Enjoy Luv Bug’s performance from the 1986 Eurovision Song Contest in the embedded video. Below the video, you can read more about them.

Luv Bug – a mini biography

In 1977, Luv Bug started as an amateur teenage band. 5 years later, they got themselves and went professionel. The band from Northern Ireland consisted of sister and brothers June (lead vocals), Hugh (bass) and Max (guitar) Cunningham along with Ricky Meyler (vocals and keyboards) and Majella Grant (drums). Their first single Red Light Spells Danger released in 1984 topped the Irish chart at #15.

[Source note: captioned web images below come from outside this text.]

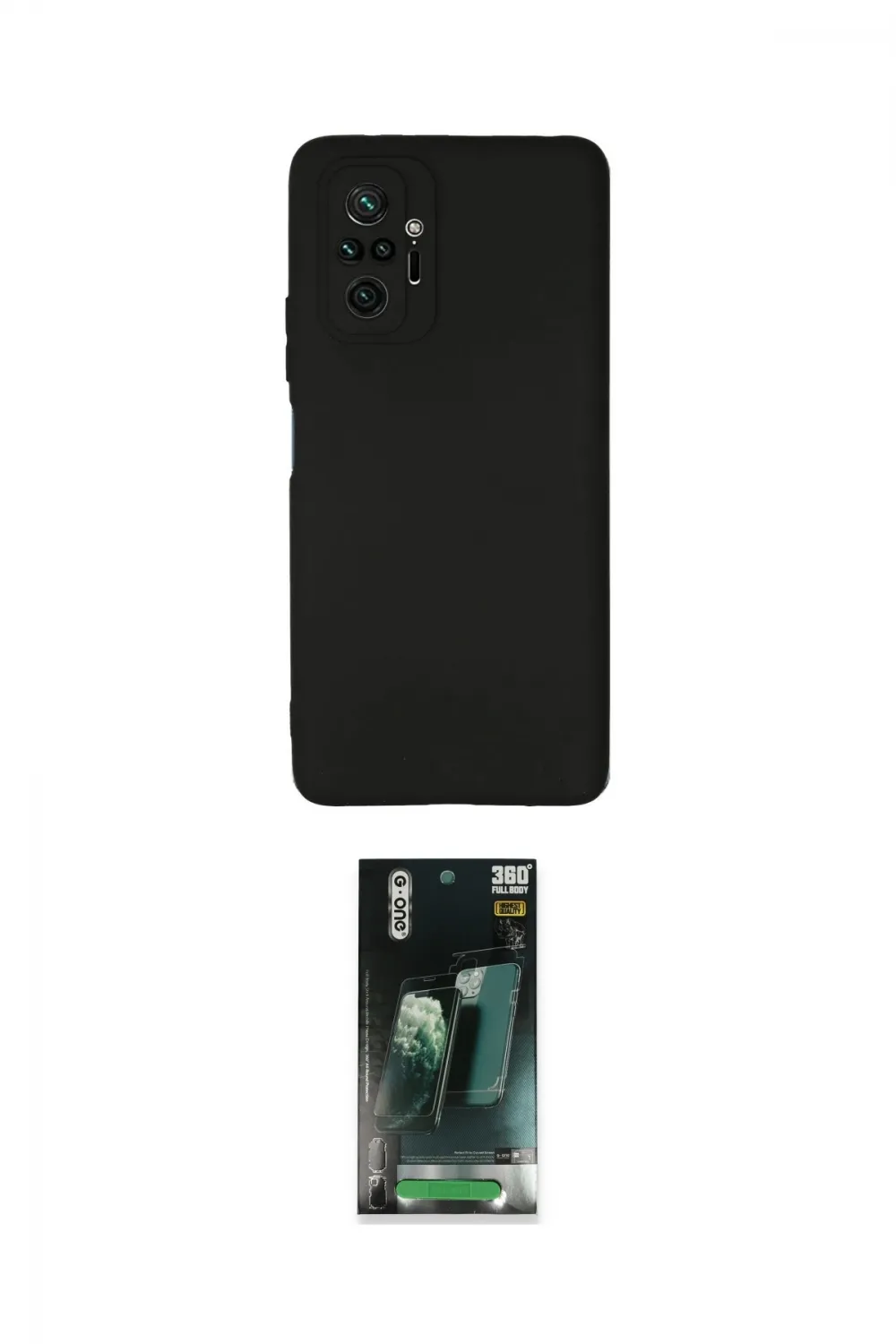 ieg™ Redmi Note 10 Pro Kılıf Kozmos Yansıma Özel Seri - Şeffaf 360 Full Body Arka Koruyucu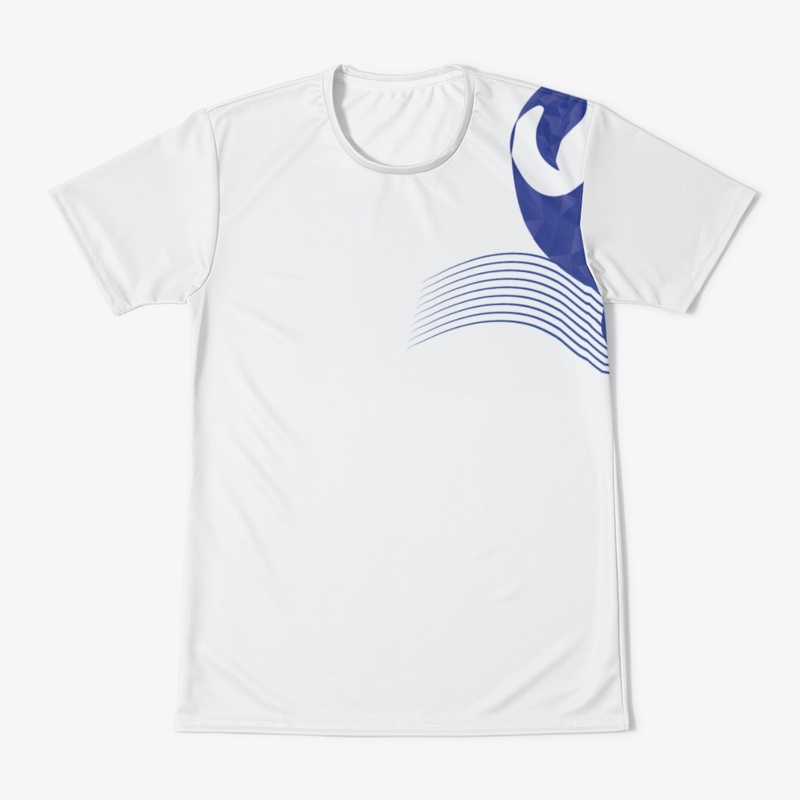 polygonal dolphin t -shirt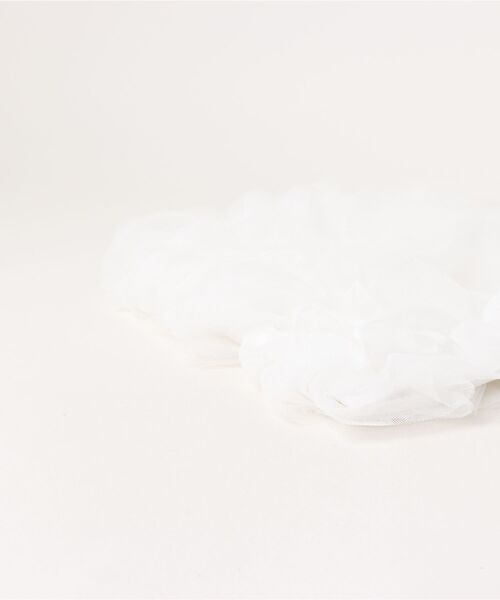 H.TOKYO(エイチトウキョウ)の「H.TOKYO × mimi / フリルワンショルダーバッグ(ショルダーバッグ・レディース・ホワイト/ブラック・FREE)」の5枚目の写真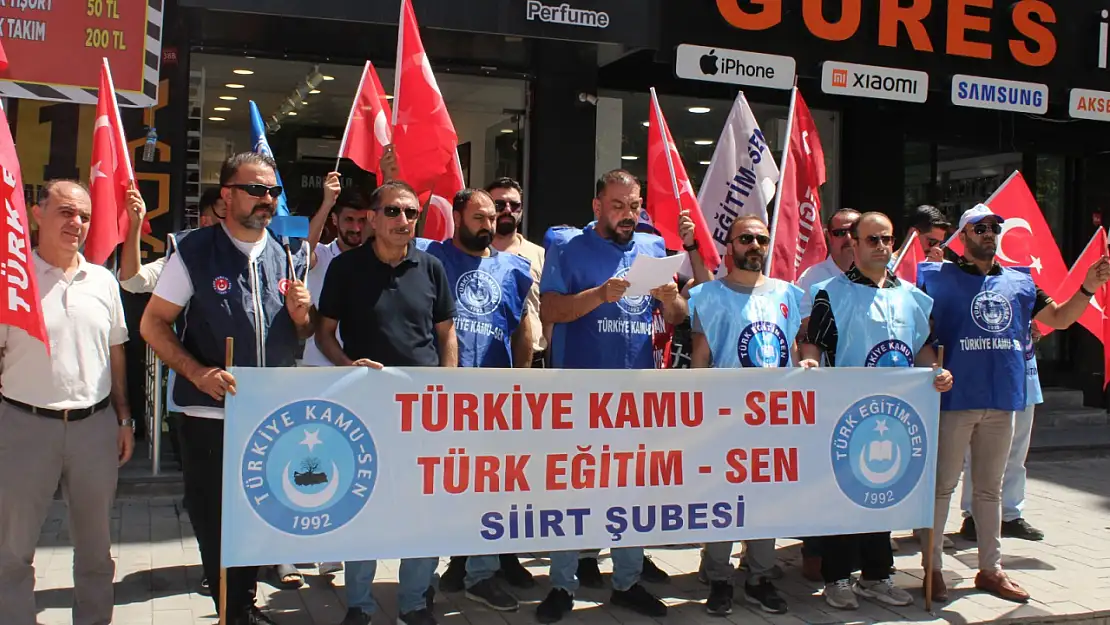 Türkiye Kamu-Sen Siirt İl Temsilcisi Cengiz Özbilici, Toplu Sözleşme Teklifini Reddettiklerini Açıkladı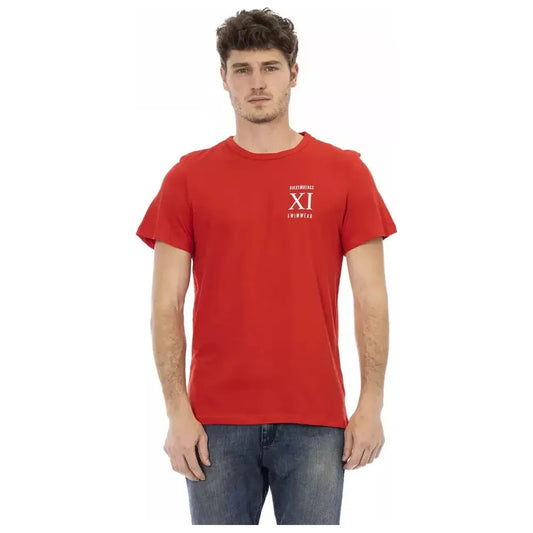Bikkembergs Red Cotton Men T-Shirt BI-22065-S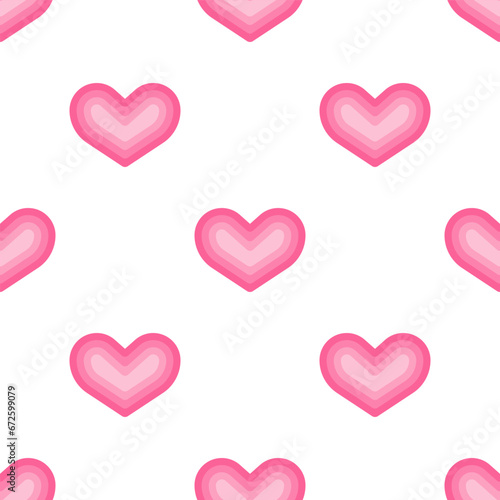 Pink heart seamless pattern background.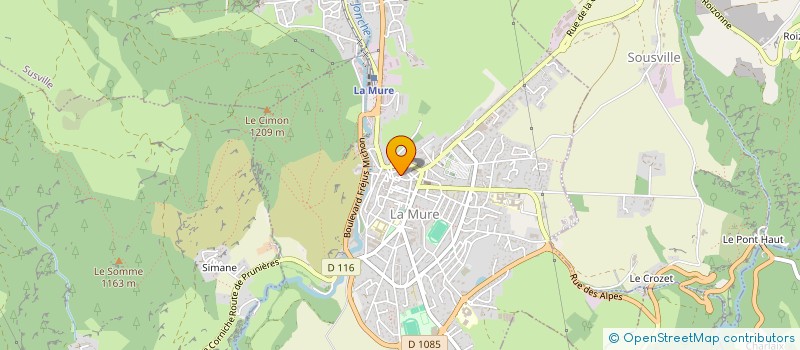 localisation de l'entreprise MADAME SANDRA DAL MOLIN  PRUNIERES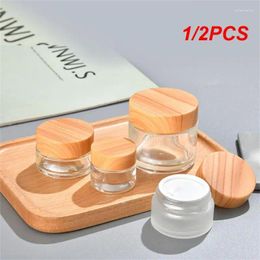 Storage Bottles 1/2PCS Cream Bottle Skincare Products Cosmetic Container Vacuum Glass Sub-box Small Jewellery Lotion Distributor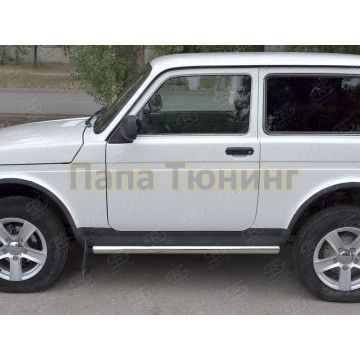 Пороги труба d57 вариант 3 РусСталь для ВАЗ 4x4 Urban 2015-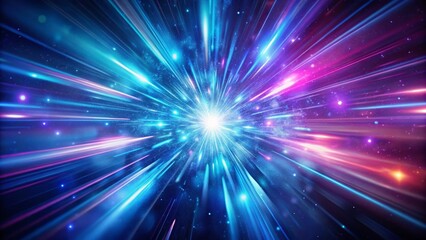 Fototapeta premium Abstract 4K Video Still: Dynamic Blue and Purple Light Motion
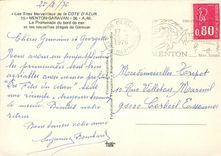 CPM Menton Garavan AM La Promenade du bord de mer et les nouvelles plages de Garavan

Single after single followed until the band won the Irish national final in 1986 and as such went on to represent Ireland at the Eurovision Song Contest. Their entry You Can Count On Me finished in fourth place. Back in Ireland it reached second place on the chart.

In the late 1980’s the group released a few singles in the UK under the name Heart By Ice. In 1992, the once again took part in the national Eurovision selection, but failed to come back to the contest.

Luv Bug has continued a four member band, but is mainly available for private gigs. Their setlist includes cover versions and none of their own songs.